Sentier Martel  Wir haben für die Wanderung rund 7 Stunden gebraucht.
Sentier Martel   An aufregenden Ausblicken herrscht kein Mangel.
Sentier Martel  Sentier Martel
Sentier Martel  Sentier Martel
Sentier Martel  Zwei bis drei Liter Wasser pro Person sind das Minimum.
Sentier Martel  Der Mensch wirkt sehr klein vor dieser Landschaft.
Sentier Martel  Sentier Martel
Sentier Martel  Sentier Martel
Sentier Martel  Sentier Martel
Sentier Martel  Sentier Martel

Chalet CAF de la Maline - St. Auban, 71 km, 1170 Hm

Eine schöne Übergangsetappe.

Das Frühstück im Chalet ist wie das Abendbrot sehr gut und auch für hungrige Radfahrer ausreichend. Es gibt Cornflakes, Brot mit Marmelade, Kaffee, Joghurt und Orangensaft.

Auf der D23 geht es nach La Palud. Dort versorgen wir uns für den Tag. Auf der D952 und D955 radeln wir ostwärts. Wir genießen noch einmal die Ausblicke auf die Gorges du Verdon. Zwischen Trigance und Comps sur Artuby bestimmen Getreidefelder das Bild. Es beginnt wieder heiß zu werden. In Comps sur Artuby machen wir Mittag auf dem Place du Fontain, der seinen Namen von einem Brunnen bekam. Wir füllen unsere Flaschen auf.

Auf der D21 nach La Bastide rücken die bis zu 1700m hohen Berge der Montagne de Brouis und er Montagne de Brouis (Montagne = Gebirge) langsam näher, zwischen denen wir später noch durchfahren werden. Davor erstrecken sich Wiesen mit roten Blumen und Wälder. Alle Straßen sind mal wieder erfreulich ruhig. Auf der D2211 nach St. Auban prägt Kiefernwald das Bild. Die 1700m hohen Berge der Montagne de Charamel sind jetzt schon ganz nahe.

Schon um drei Uhr Nachmittags erreichen wir den Campingplatz bei St. Auban. Es kam uns vor wie ein Ruhetag. Der kleine Platz ist schön und sauber. Im strahlenden Sonnenschein bauen wir das Zelt auf, die Feuchte vom letzten mal ist schnell verdunstet. Wir sonnen uns ein wenig.

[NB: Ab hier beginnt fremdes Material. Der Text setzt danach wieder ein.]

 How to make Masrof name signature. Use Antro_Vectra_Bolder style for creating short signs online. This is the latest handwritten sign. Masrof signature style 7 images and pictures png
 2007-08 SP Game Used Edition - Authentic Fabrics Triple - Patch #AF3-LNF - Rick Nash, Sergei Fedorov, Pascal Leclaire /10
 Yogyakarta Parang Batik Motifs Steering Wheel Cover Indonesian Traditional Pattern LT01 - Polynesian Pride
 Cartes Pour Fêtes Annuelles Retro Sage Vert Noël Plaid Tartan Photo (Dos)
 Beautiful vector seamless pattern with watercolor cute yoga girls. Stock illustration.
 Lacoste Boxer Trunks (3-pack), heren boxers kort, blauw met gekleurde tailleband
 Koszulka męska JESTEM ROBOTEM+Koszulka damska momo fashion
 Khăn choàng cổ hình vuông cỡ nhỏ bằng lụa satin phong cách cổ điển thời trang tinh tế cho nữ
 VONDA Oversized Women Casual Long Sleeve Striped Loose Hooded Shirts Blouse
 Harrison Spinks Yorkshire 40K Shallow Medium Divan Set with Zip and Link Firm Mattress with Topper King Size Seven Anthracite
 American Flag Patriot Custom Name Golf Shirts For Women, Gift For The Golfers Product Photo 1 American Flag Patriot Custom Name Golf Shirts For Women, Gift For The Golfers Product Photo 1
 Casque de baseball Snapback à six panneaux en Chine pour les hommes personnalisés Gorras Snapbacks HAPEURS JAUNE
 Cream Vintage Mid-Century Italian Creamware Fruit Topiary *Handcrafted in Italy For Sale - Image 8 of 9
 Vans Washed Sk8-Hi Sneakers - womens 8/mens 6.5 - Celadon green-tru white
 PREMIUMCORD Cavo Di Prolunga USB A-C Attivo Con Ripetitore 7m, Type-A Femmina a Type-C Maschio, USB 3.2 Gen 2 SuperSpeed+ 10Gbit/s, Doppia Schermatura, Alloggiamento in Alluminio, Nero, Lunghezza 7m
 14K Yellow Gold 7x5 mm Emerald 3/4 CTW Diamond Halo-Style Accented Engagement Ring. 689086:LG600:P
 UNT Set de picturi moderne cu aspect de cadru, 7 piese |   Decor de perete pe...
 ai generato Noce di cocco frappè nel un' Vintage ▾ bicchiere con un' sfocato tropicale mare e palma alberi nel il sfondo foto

St. Auban ist aus der Distanz schön anzuschauen, bietet aber aus der Nähe betrachtet nichts Interessantes. Der kleine Supermarkt hat interessante Öffnungszeiten 8:30 - 12:30 und 17:00 - 19:30. Gegen 17 Uhr beginnt es kräftig zu gewittern. Wir "flüchten" uns in die kleine Pizzeria des Platzes, beobachten wie die Wolken aus den Bergen in Richtung Küste ziehen und später wieder zurück. Erst gegen halb neun klart es wieder etwas auf. Da aber alles nass ist, essen wir in der Pizzeria. Essen und Wein sind klasse. Den Wein merken wir aber beide sofort.

Gorges du Verdon  Östliches Ende der Gorges du Verdon
Blumenwiese nahe La Bastide.  Blumenwiese nahe La Bastide.

St. Auban - Guillaumes, 84 km, 1660 Hm

Die Tour durch das Tal der Gironde, die Gorges de la Roudoule und Gorges de Daluis ist gespickt mit landschaftlichen Leckerbissen.

Als wir des Morgens aufstehen ist es sehr neblig. Entsprechend nass ist das Zelt. Schon während des Frühstücks steigt die Sonne über die Berge und beginnt damit den Nebel aufzulösen und das Zelt zu trocknen. Als wir aufbrechen, haben wir ein fast trockenes Zelt dabei.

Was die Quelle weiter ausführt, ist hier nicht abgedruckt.